- **TASK INSTRUCTIONS**
Print the listing from its top line through the line containing "Set vas wc suspendat", nothing more, and leave out the pictures.

- **DATA SECTION**
● ● ● ● ●

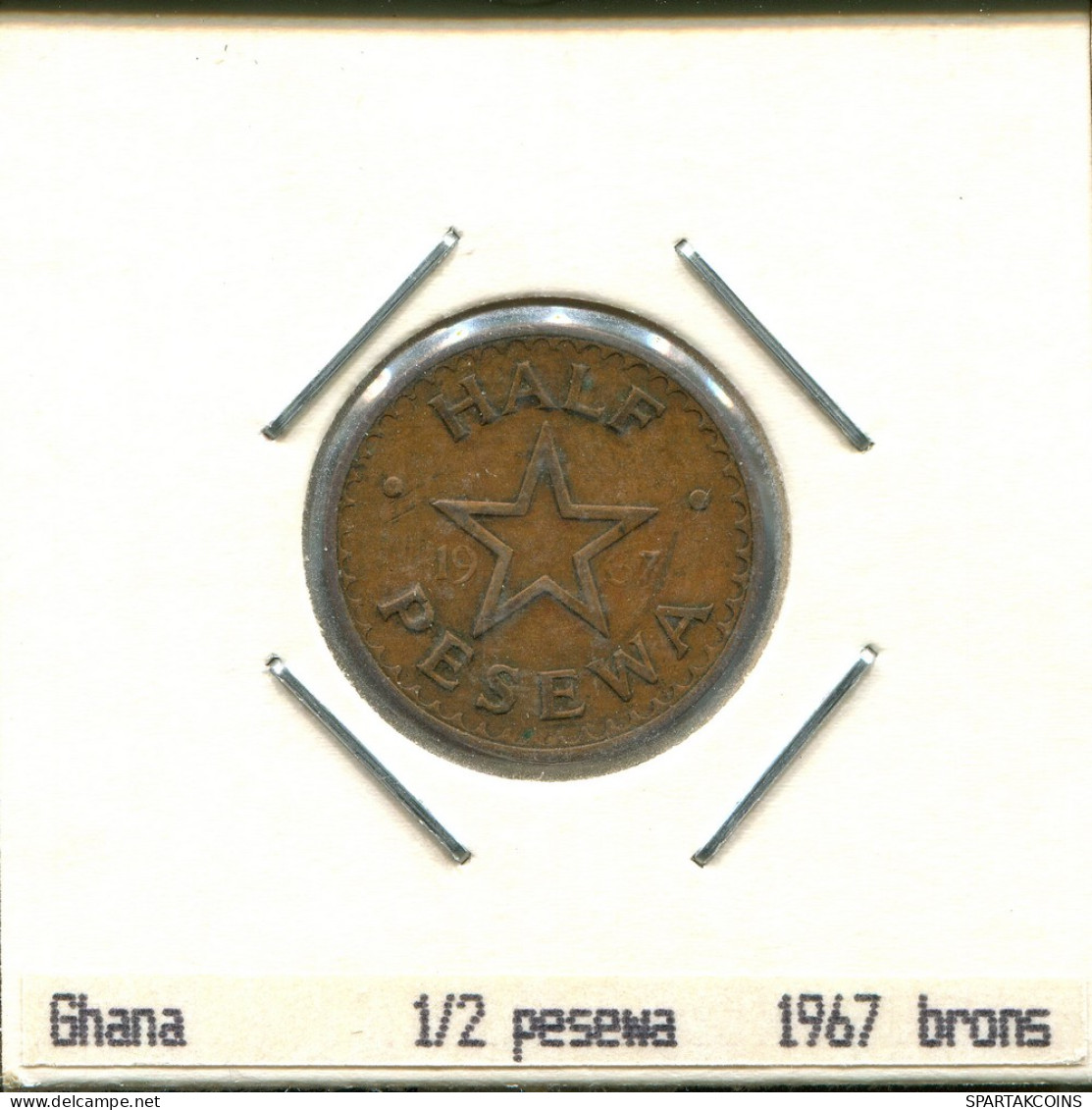 1/2 PESEWA 1967 GHANA Coin #AS375.U - Ghana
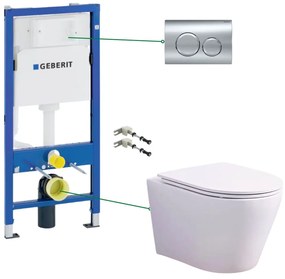 Set vas wc suspendat rimless cu capac soft close Oslo, rezervor incastrat si clapeta crom Geberit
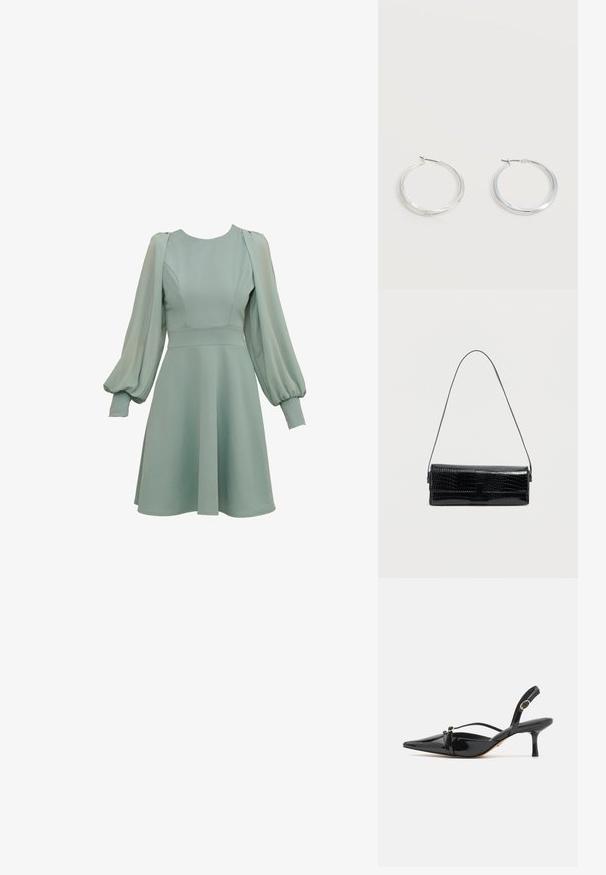 Mintgroene jurk met ballonmouwen, getailleerde taille en uitlopende rok. Gemaakt van gladde stof, met subtiele naden en manchetten.; ALDO MARIETTA PILLOW WALK - Klassieke pumps - black; Zwarte schoudertas van imitatie-krokodillenleer, rechthoekige vorm, glanzende textuur, met een dunne verstelbare schouderriem en een voorflap met sluiting.; Zilverkleurige metalen creolen oorbellen met een glad, licht gebogen oppervlak en sluitingen met haaksluiting op een effen witte achtergrond.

● ● ● ● ●

- **RESPONSE BELOW**
 1/2 PESEWA 1967 GHANA Coin #AS375.U - Ghana
 Set vas wc suspendat rimless cu capac soft close Oslo, rezervor incastrat si clapeta crom Geberit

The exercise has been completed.